Mark Webber stars as Daniel Carter, a petty criminal sent to work at a primary school in Greenwich Village where he meets 8-year-old Boone (Antonio Ortiz). Finding out that Boone’s mother has been taken ill and the boy sent away to a foster school, Daniel decides to save him and reunite him with his family.
Managing to avoid sentimentality, director Morgan J Freeman has a lightness of touch which ensures the potentially cloying nature of the story is avoided. The rapport between Webber and Ortiz is also refreshingly real, time given over to establishing their relationship.
With its straightforward narrative and appealing actors, Just Like the Son is a gentle enough tale with enough rough edges to ensure it doesn’t become too predictable.
English history gets a kick-up the ramparts in 1939’s Tower of London (Optimum Classic), a gothic-tinged retelling of the Richard III story, Basil Rathbone giving it his all as the murderous King hell-bent on attaining the throne by any means necessary.
Starting out as the Duke of Gloucester, brother to King Edward IV, Richard doesn’t suffer fools, or failure, gladly. Assisted by the fictional executioner, Mord (Boris Karloff), Richard, cons, swindles, fights and murders his way through the ranks to place himself as King of England.
Made by Universal, the studio that brought Frankenstein and Dracula to the big screen, Tower of London has all the darkness of those movies along with its own sense of morbidity that is inevitable in such a doom-laden tale.

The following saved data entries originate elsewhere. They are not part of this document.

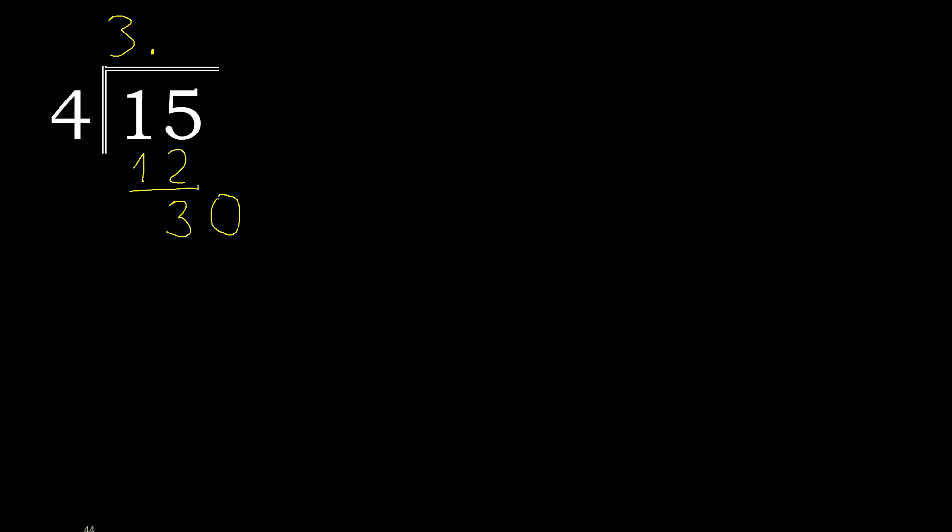30. 4 multiplied by which number? 4 multiplied by 8 is 32. It is greater. Multiplied by 7, 28.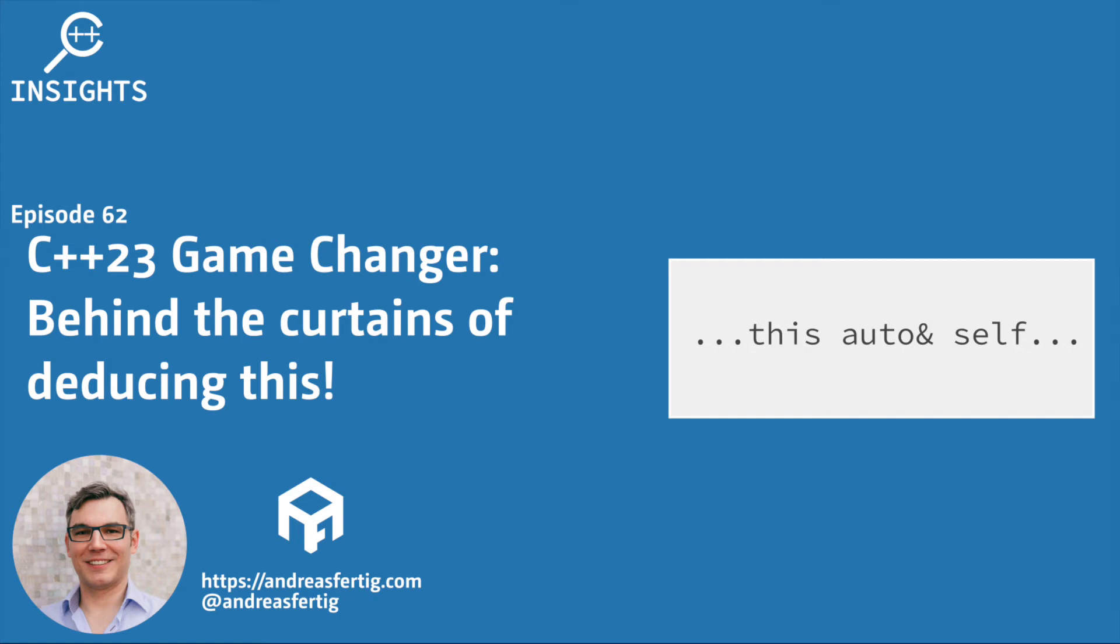Hello and welcome to the C++ Insights YouTube channel. I'm Andreas Fertig. I work as a C++ trainer offering classes worldwide, on-site or remote.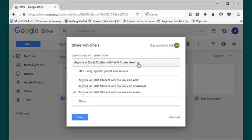When you click on that drop-down, you notice that there are some very specific options. Anyone at .lot student with link can edit or can comment or can view. Simply, what you need is not there. What you need to do is click on the more tab right there.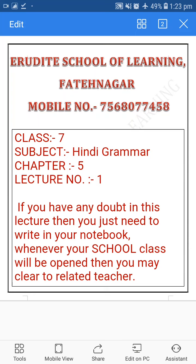Hello parents and lovely students, welcome to the online classes of Erudite School of Learning, Fatenagar. Mobile number 7568077458. Class 7th, Subject Hindi Grammar, Chapter 5, Lecture number 1st.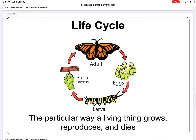Our next word is life cycle. A life cycle is the particular way a living thing grows, reproduces, and dies. It follows a pattern. Any living thing will have a life cycle.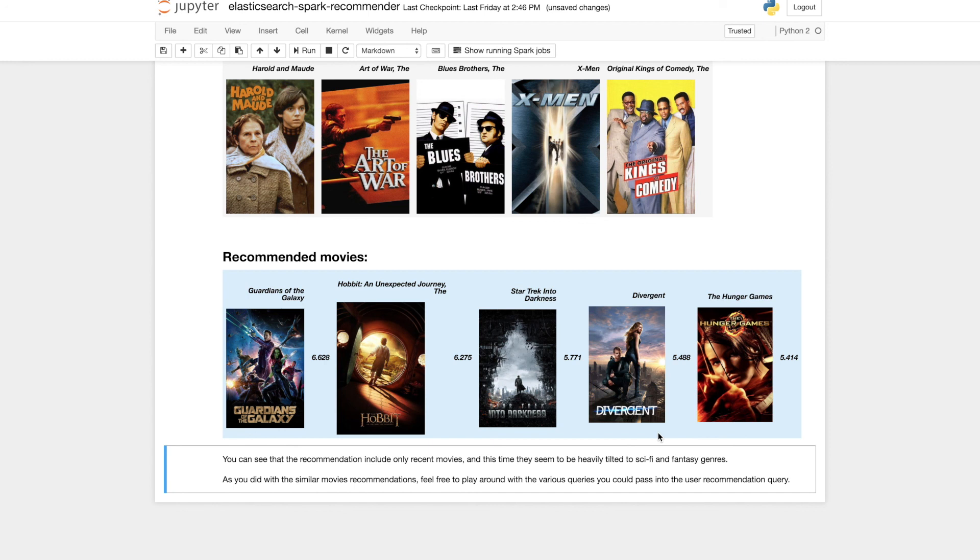That brings us to the end of our journey into creating a scalable recommender engine with Spark and Elasticsearch. Hope you've enjoyed it. Thank you.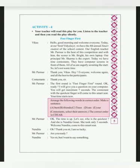Our English teacher, Mr. Parmar, is the host of the school.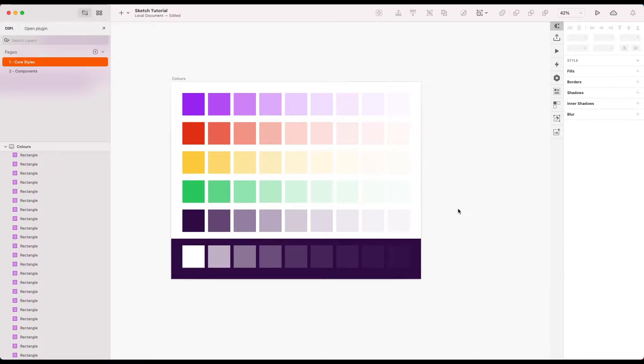Welcome to this basic Sketch tutorial on how to set up colors, colors as layer styles and color variables.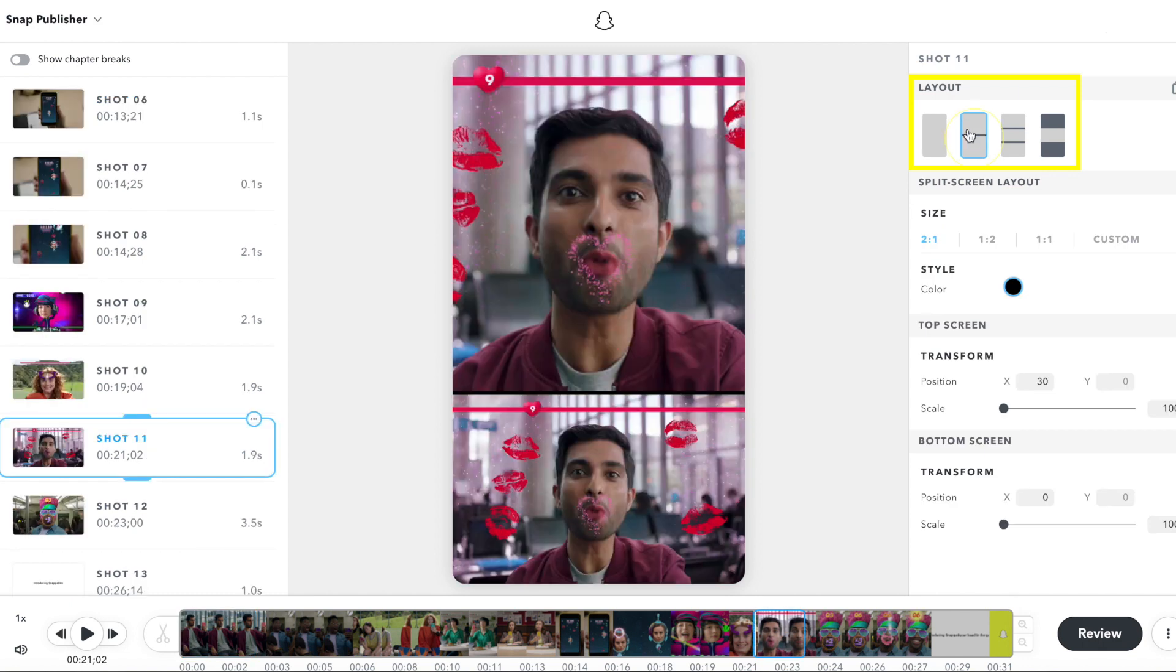The split screen layout can be used when there are multiple points of interest in the shot, or when there is a single point of interest that moves too much to fit in a full screen layout.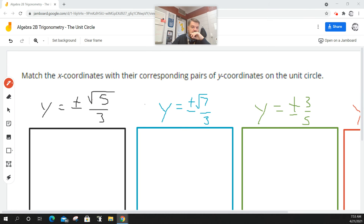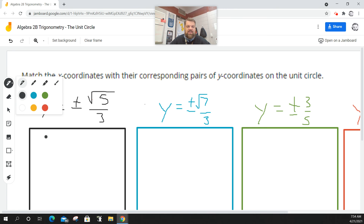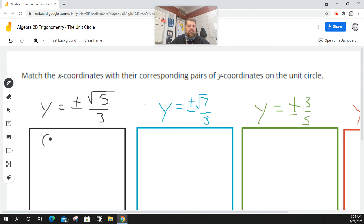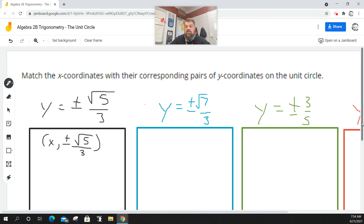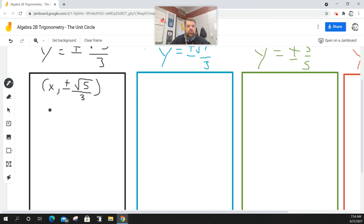The problem says to match the coordinates with their corresponding pairs of Y coordinates on the unit circle. They don't tell us what quadrant it lives in, so we're going to have to make an assumption — or actually, we don't. Let's just do the math. Sometimes if I explain it too much at the beginning it gets confusing. Basically, what we want to know is what value of X will give me either plus or minus the square root of 5 all over 3.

Rathbone is a strong lead, always on the look out for his next opportunity for success, and much of the fun her can be found in trying to second guess his next move.
Karloff is also on good form, his thoroughly evil Mord showing the odd glimpse of humanity when he’s not drowning Vincent Price in a vat of wine or torturing unfortunate peasants.
While a bit of historical knowledge might help your enjoyment of the film, and the odd American accent does distract, Tower of London is never dull and adds a touch of colour to historical events.
Awaking in a small Welsh fishing village and unsure how he got there, Rex Harrison finds himself embroiled in a series of unfortunate events in The Constant Husband (Optimum Classic), the upshot of which being that he’s married…to seven different women.
Taking it upon himself to investigate his own life, Harrison uncovers false names, occupations and love affairs, becoming increasingly unsure of why he did what he did or how to get out of the mess.
Written by The Lady Vanishes Sydney Gilliat, The Constant Husband is clearly a lesser affair for Harrison compared to Doctor Doolittle or My Fair Lady, but this doesn’t stop him having a ball as the uptight cad, a kind of 1950s Hugh Grant.
The story rattles along at a fair lick, with few signs of reality bothering the script, cameos from the likes of George Cole helping to make it a frothy concoction that lovers of romantic comedies should find appealing.
Finally this week, Optimum have pulled another little known British film out of the archives by the scruff of the neck in the shape of 1954’s The Rainbow Jacket.
Last of the Summer Wine’s Compo, Bill Owen, stars as disgraced champion jockey Sam who discovers a potential protege in the form of young Georgie (Fella Edmonds) and encourages him to take up riding.
With the promise of riches and fame,Georgie and his mother jump at the chance, the boy discovering that there’s more to training than just sitting on a horse as he’s put through various trials by the owners of Lord Logan’s (Robert Morley) stables.
Beginning as a comedy with an appearance by Sid James in the opening scene, Rainbow Jacket switches direction somewhat during the film’s run, Sam’s history clearly troubling him as he tries to mould Georgie into an honest jockey.
As Sam schools the boy, telling him to always do the right thing, Bill Owen portrays his clapped out character with empathy in a role which would usually be shown by way of a simple cheeky chap routine.
With the emphasis placed on the need for morals and dignity at all times, The Rainbow Jacket has elements not expected in these type of films and as such marks it out as something that little bit different, thanks mainly to a strong turn from Owen.